**BRIEF:** A faithful transcription of all the data is required.

Short web captions
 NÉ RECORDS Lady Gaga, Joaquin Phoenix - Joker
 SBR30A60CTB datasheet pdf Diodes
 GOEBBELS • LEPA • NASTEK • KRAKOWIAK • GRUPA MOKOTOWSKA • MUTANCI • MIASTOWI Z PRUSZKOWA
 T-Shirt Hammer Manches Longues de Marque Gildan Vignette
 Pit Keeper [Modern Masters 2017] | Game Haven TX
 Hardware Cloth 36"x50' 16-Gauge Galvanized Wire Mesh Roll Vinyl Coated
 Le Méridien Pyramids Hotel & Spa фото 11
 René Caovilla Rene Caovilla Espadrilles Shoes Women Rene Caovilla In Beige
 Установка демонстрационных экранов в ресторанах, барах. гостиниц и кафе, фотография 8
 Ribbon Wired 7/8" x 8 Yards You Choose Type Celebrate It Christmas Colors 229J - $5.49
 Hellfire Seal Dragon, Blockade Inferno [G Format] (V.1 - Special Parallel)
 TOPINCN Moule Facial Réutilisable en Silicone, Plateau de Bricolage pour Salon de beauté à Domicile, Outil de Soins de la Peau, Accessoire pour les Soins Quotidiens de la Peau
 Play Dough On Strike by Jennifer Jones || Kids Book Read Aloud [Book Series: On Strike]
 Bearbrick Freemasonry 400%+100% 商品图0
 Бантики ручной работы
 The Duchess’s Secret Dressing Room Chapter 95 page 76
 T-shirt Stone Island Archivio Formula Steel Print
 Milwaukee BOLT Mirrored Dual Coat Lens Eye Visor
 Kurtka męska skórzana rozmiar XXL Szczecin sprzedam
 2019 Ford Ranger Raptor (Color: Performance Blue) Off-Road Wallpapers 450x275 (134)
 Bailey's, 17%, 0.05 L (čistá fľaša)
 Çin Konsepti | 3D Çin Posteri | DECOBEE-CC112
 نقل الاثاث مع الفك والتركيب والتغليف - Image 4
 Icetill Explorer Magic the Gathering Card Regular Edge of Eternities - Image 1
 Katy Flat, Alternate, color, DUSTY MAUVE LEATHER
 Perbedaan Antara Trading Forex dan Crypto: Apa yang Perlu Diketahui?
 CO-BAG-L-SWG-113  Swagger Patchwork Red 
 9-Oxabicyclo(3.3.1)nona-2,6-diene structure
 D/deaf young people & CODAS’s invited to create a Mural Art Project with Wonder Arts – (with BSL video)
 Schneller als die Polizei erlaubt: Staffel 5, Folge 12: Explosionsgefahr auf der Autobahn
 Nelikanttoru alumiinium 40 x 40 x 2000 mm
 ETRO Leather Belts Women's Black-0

**COMPLETED EXERCISE:**
 NÉ RECORDS Lady Gaga, Joaquin Phoenix - Joker
 SBR30A60CTB datasheet pdf Diodes
 GOEBBELS • LEPA • NASTEK • KRAKOWIAK • GRUPA MOKOTOWSKA • MUTANCI • MIASTOWI Z PRUSZKOWA
 T-Shirt Hammer Manches Longues de Marque Gildan Vignette
 Pit Keeper [Modern Masters 2017] | Game Haven TX
 Hardware Cloth 36"x50' 16-Gauge Galvanized Wire Mesh Roll Vinyl Coated
 Le Méridien Pyramids Hotel & Spa фото 11
 René Caovilla Rene Caovilla Espadrilles Shoes Women Rene Caovilla In Beige
 Установка демонстрационных экранов в ресторанах, барах. гостиниц и кафе, фотография 8
 Ribbon Wired 7/8" x 8 Yards You Choose Type Celebrate It Christmas Colors 229J - $5.49
 Hellfire Seal Dragon, Blockade Inferno [G Format] (V.1 - Special Parallel)
 TOPINCN Moule Facial Réutilisable en Silicone, Plateau de Bricolage pour Salon de beauté à Domicile, Outil de Soins de la Peau, Accessoire pour les Soins Quotidiens de la Peau
 Play Dough On Strike by Jennifer Jones || Kids Book Read Aloud [Book Series: On Strike]
 Bearbrick Freemasonry 400%+100% 商品图0
 Бантики ручной работы
 The Duchess’s Secret Dressing Room Chapter 95 page 76
 T-shirt Stone Island Archivio Formula Steel Print
 Milwaukee BOLT Mirrored Dual Coat Lens Eye Visor
 Kurtka męska skórzana rozmiar XXL Szczecin sprzedam
 2019 Ford Ranger Raptor (Color: Performance Blue) Off-Road Wallpapers 450x275 (134)
 Bailey's, 17%, 0.05 L (čistá fľaša)
 Çin Konsepti | 3D Çin Posteri | DECOBEE-CC112
 نقل الاثاث مع الفك والتركيب والتغليف - Image 4
 Icetill Explorer Magic the Gathering Card Regular Edge of Eternities - Image 1
 Katy Flat, Alternate, color, DUSTY MAUVE LEATHER
 Perbedaan Antara Trading Forex dan Crypto: Apa yang Perlu Diketahui?
 CO-BAG-L-SWG-113  Swagger Patchwork Red 
 9-Oxabicyclo(3.3.1)nona-2,6-diene structure
 D/deaf young people & CODAS’s invited to create a Mural Art Project with Wonder Arts – (with BSL video)
 Schneller als die Polizei erlaubt: Staffel 5, Folge 12: Explosionsgefahr auf der Autobahn
 Nelikanttoru alumiinium 40 x 40 x 2000 mm
 ETRO Leather Belts Women's Black-0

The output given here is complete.